TASK DATA:
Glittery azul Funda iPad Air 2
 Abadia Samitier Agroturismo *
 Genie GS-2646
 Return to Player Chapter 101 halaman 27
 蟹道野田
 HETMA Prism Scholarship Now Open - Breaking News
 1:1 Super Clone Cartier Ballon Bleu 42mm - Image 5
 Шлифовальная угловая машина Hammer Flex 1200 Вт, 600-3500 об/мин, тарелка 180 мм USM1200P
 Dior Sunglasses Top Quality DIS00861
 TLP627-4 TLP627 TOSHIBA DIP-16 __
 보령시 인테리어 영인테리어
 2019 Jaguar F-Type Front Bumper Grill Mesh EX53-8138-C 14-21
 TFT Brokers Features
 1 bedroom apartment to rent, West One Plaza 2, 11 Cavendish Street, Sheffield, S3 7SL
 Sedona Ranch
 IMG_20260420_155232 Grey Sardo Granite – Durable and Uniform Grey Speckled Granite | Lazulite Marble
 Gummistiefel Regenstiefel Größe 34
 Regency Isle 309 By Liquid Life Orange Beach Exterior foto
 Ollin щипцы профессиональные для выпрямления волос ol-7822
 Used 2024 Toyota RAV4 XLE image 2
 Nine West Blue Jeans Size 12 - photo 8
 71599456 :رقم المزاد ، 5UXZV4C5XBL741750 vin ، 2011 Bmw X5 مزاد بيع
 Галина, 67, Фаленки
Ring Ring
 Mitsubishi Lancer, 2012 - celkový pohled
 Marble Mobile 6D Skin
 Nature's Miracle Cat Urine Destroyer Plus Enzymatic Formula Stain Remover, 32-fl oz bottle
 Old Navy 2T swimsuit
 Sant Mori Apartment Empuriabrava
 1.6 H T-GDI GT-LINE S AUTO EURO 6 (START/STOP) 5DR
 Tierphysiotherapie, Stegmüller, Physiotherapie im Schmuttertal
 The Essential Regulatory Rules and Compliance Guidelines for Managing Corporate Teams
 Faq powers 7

PROBLEM TO SOLVE:
Could you count how many lines of the listing above contain the word "Marble" and give only that number?

RESPONSE AREA:
2